Эта книга росла, как дерево, и мне все время приходилось обрезать ей ветки. Сначала я собирал обрезки в особую корзину, чтобы потом набить ими последнюю главу под названием Gleaning, но корзина быстро переполнилась, и я бросил это занятие. Да и нечего в русской книге делать главе с английским названием, тем более если оно еще и просится стать деепричастным оборотом: “Подбирая последние упавшие колоски”… В результате сюда не попали многие приемы и приемчики, в том числе такие любопытные, как “обратная инверсия” (восстановление английского порядка слов с целью поэтизации или архаизации) и завуалированное цитирование наших классиков (еще одна “незаконная” уловка, помогающая “одомашнить” перевод); не удалось поговорить о том, как переводить непереводимое (игру с артиклями, предпрошедшее время, некоторые родственные связи); остались неупомянутыми кое-какие мелкие неприятности вроде путаницы с суффиксами -то, -либо и -нибудь… Если одни ветки пришлось обрéзать, другие отчего-то так и не выросли – например, довольно толстый сучок “Колорит” или полная цветов и листьев “Новая этика”. Но, как говорил другой мудрый поэт, никто не обнимет необъятного.

Я пытался уйти от теории, заменив ее идеологией, но в итоге получилось – по крайней мере местами – что-то вроде моей личной мифологии. Не сомневаюсь, что многие из моих коллег обнаружат (или уже обнаружили) в этой книге уйму неточностей, невнятностей и недосказанностей, а с чем-то и вовсе не готовы согласиться. Но мне остается только надеяться, что если я кое-что и присочинил, то, в общем, не очень наврал.

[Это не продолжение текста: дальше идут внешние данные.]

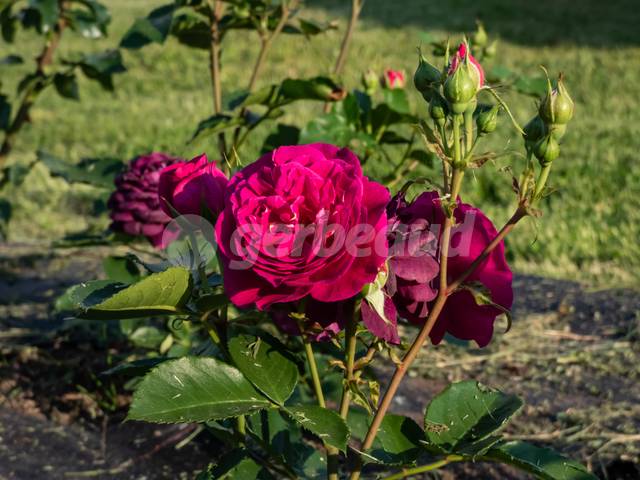 Rosier 'Purple Eden'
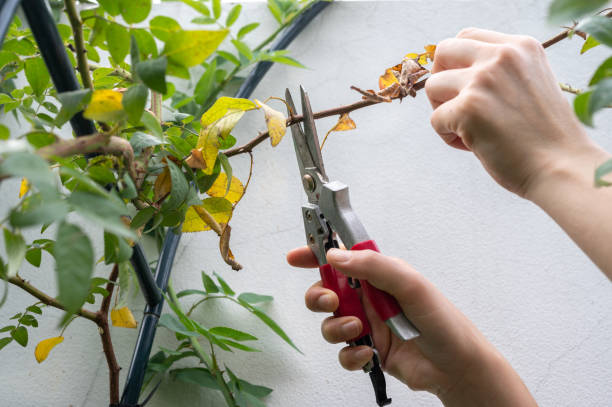 Why Some Plants Lose Growth After Heavy Pruning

Нет на свете ничего интересней, чем узнавать новое, говорят ученые. Нет ничего прекрасней, чем создавать новое, возражают художники. Мы, переводчики, стоим в сторонке и помалкиваем – но нам удается и узнавать, и создавать, пускай немножко. I saw her standing there – так могла бы называться песня о переводчике, который пришел в библиотеку или книжный магазин и увидел на полочке, в отделе литературы на иностранных языках, Ту Самую Книгу. И не удивляйтесь “человеческому” местоимению: если уж муха у Стейнбека и робот у Адамса могут очеловечиться, за несколько строчек превратившись из it в he[33], то книга и подавно на это способна. Чтобы перевести ее как следует, мало вложить в это душу; надо еще многое знать и уметь. Но эта дорога всем открыта.

А ваша книга вас ждет.

Приложения

Эти маленькие заметки написаны или для выступлений на различных переводческих форумах, или, наоборот, по горячим следам после этих форумов, или просто так, без всякой причины. Те из них, что были опубликованы в Фейсбуке, я лишь немного поправил ради большей ясности либо потому, что трескучий язык, пригодный для соцсетей, не очень хорошо подходит для серьезного издания, каковым мне видится эта книга.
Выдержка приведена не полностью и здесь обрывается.